Work item:
Pictures are to be left out. Return exactly the lines below from the one with "20 Hancock Court, South Setauket, NY 11720" up to and including the one with "FORD TRANSIT COURIER".

Recorded data:
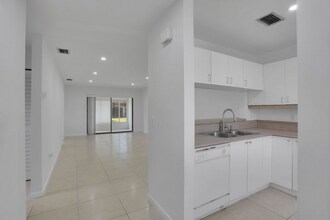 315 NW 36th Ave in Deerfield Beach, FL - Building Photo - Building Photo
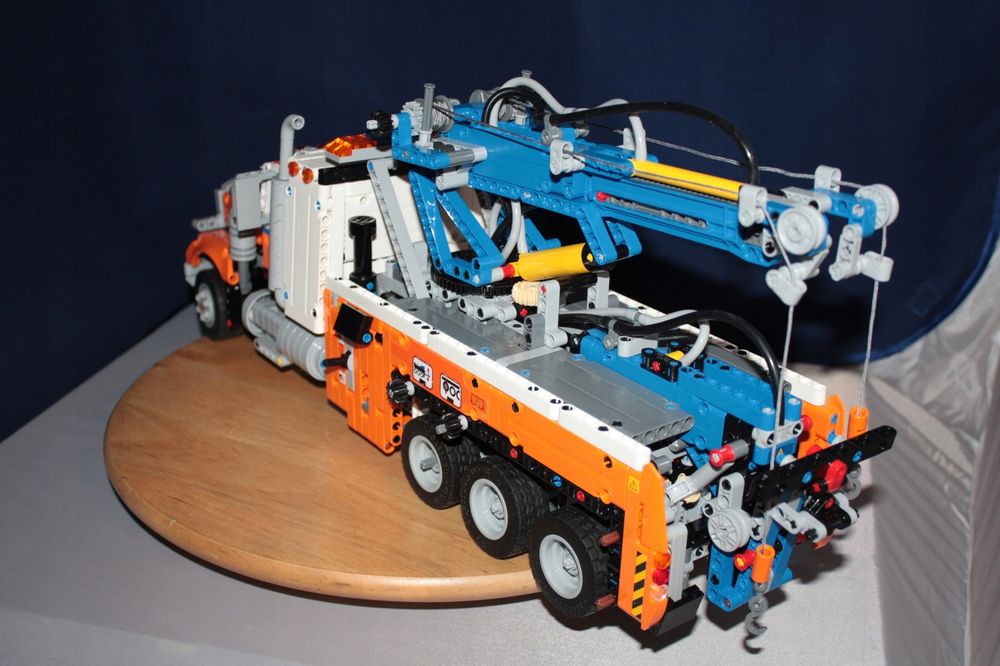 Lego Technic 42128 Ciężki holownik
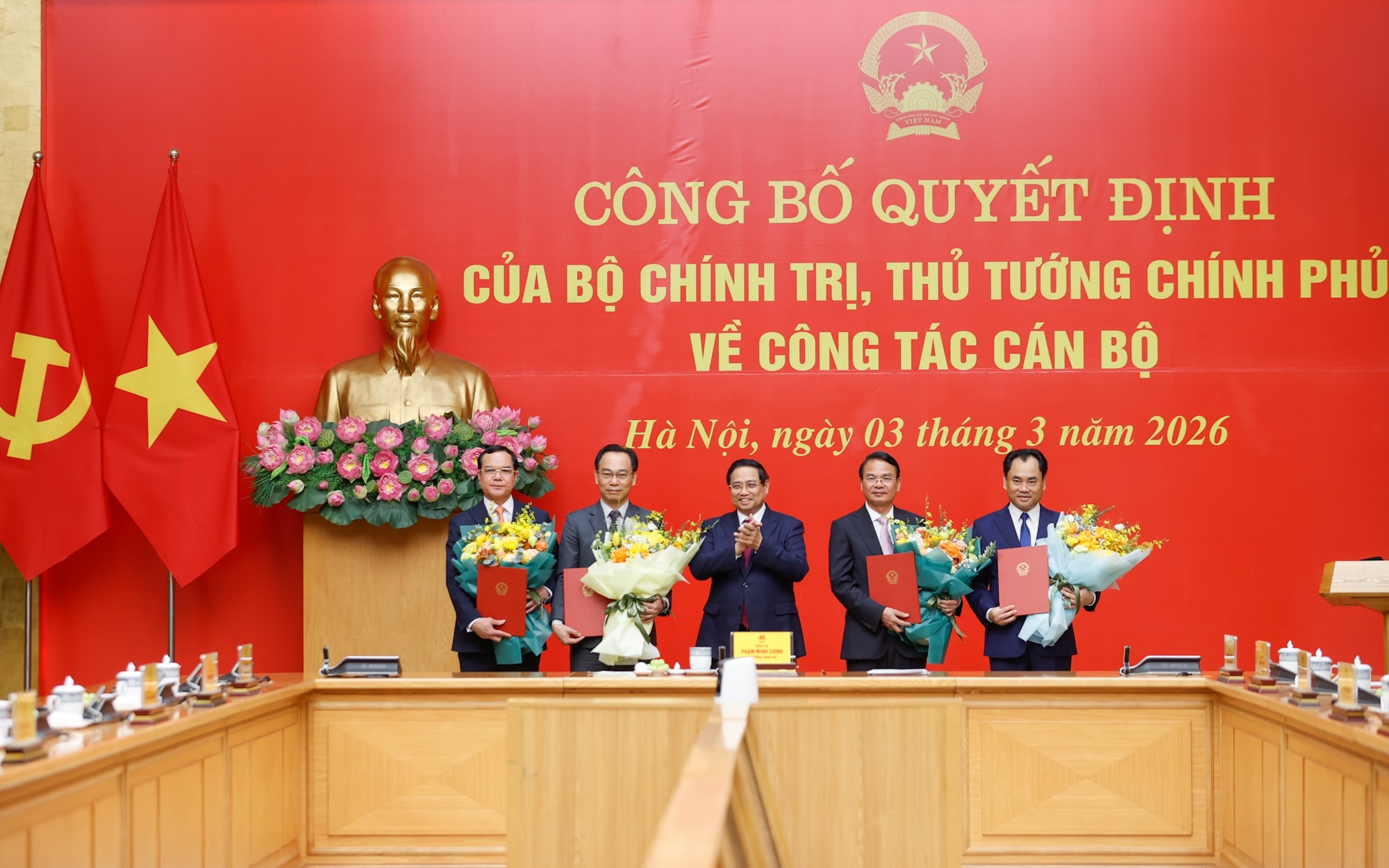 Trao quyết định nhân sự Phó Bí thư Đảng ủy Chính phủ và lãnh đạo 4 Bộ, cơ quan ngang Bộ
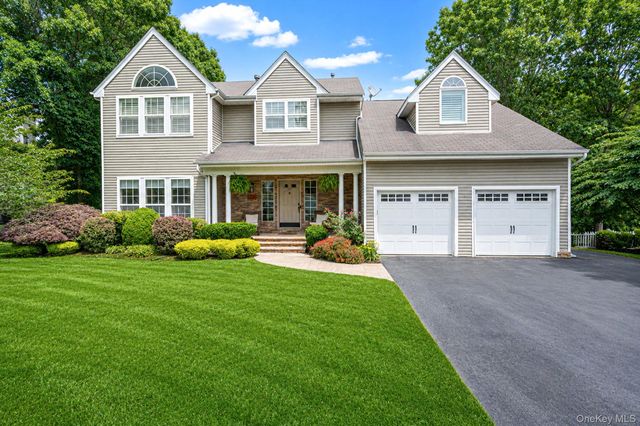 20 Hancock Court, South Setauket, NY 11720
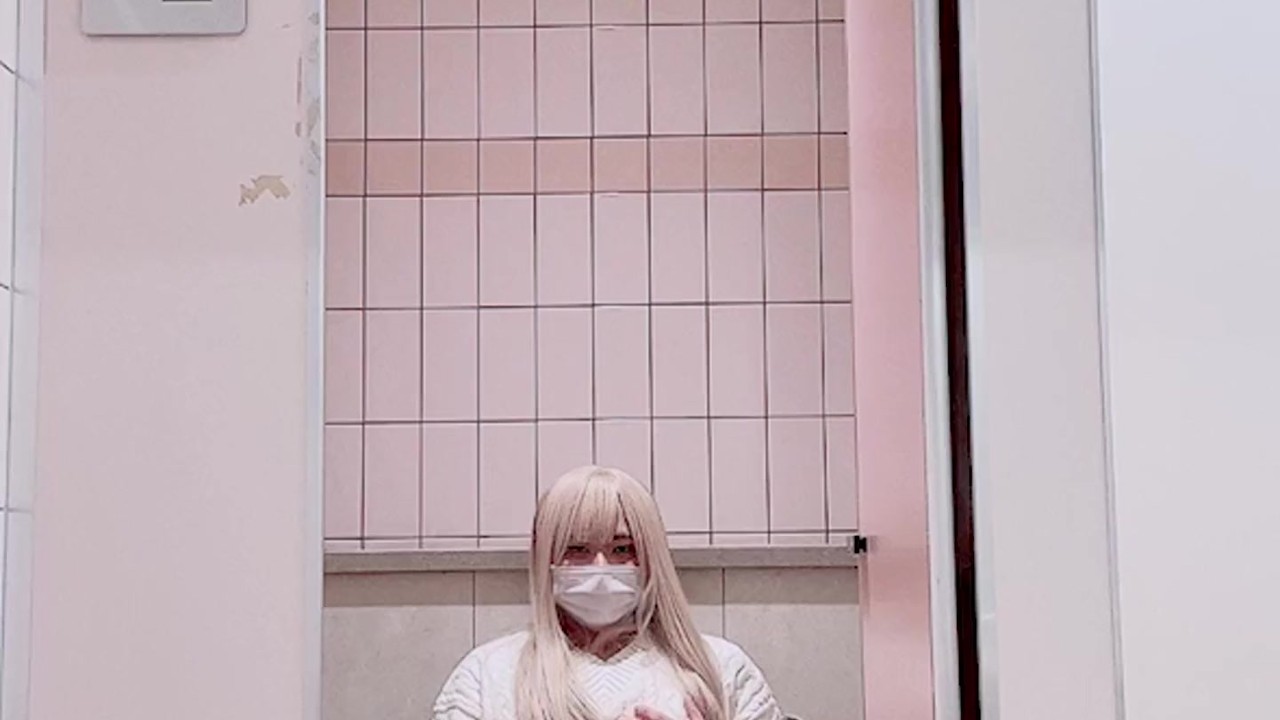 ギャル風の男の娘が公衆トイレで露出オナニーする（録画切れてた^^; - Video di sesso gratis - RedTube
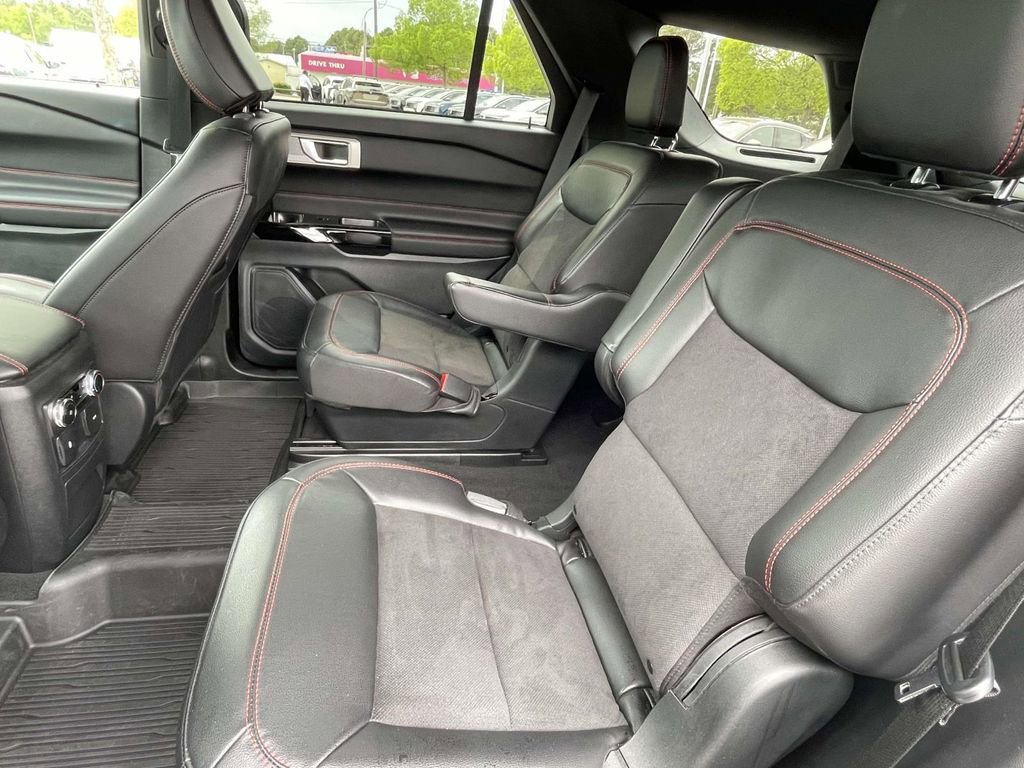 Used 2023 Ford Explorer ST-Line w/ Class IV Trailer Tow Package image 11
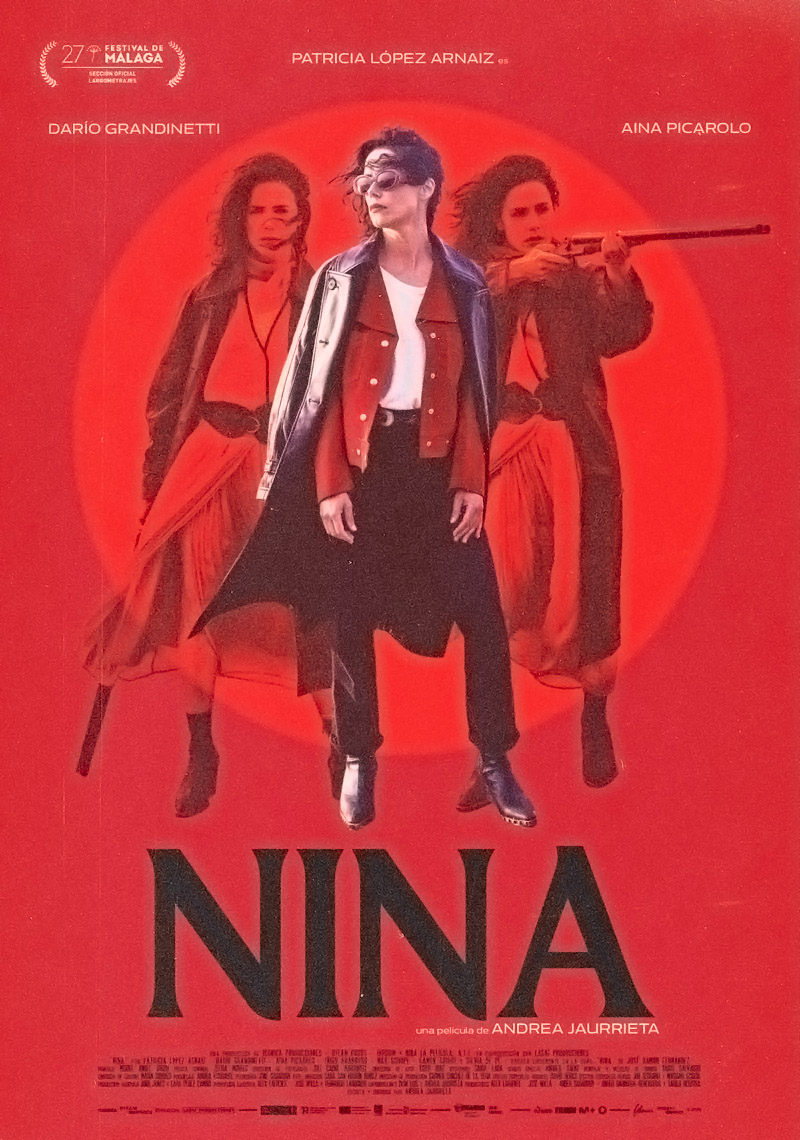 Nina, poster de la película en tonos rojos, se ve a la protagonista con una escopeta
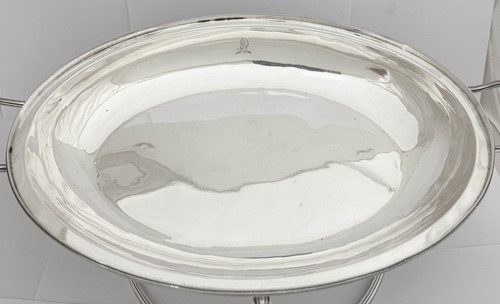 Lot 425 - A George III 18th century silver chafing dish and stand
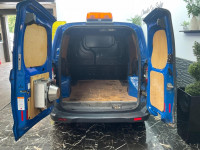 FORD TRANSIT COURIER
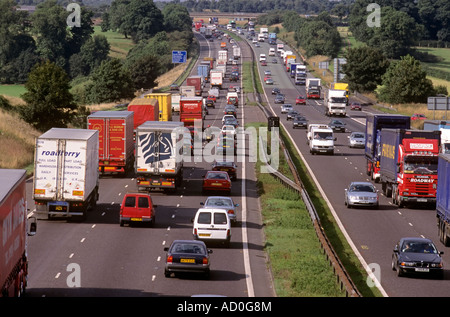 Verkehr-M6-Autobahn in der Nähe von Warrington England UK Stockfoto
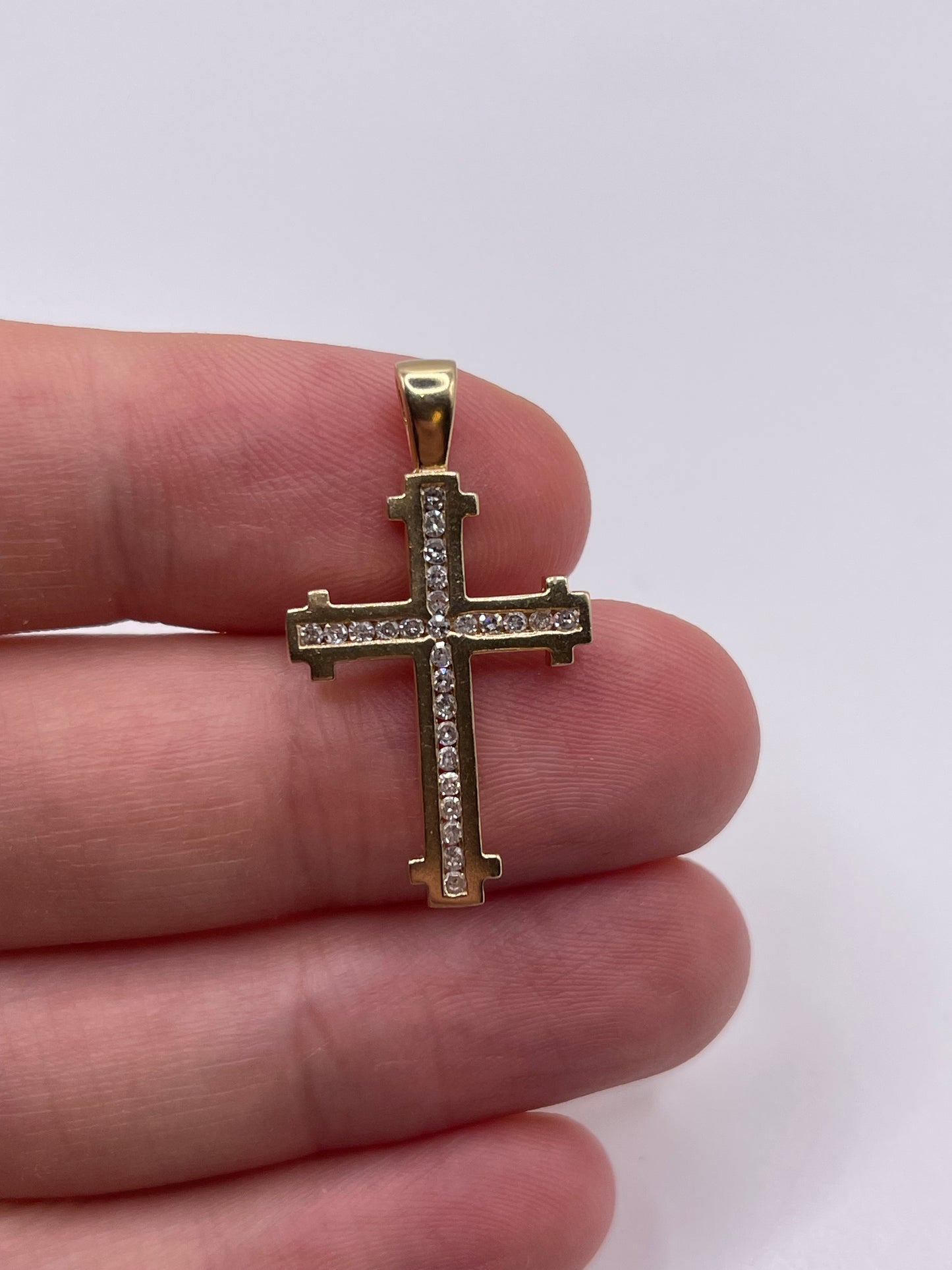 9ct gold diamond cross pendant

Output:
 20 Hancock Court, South Setauket, NY 11720
 ギャル風の男の娘が公衆トイレで露出オナニーする（録画切れてた^^; - Video di sesso gratis - RedTube
 Used 2023 Ford Explorer ST-Line w/ Class IV Trailer Tow Package image 11
 Nina, poster de la película en tonos rojos, se ve a la protagonista con una escopeta
 Lot 425 - A George III 18th century silver chafing dish and stand
 FORD TRANSIT COURIER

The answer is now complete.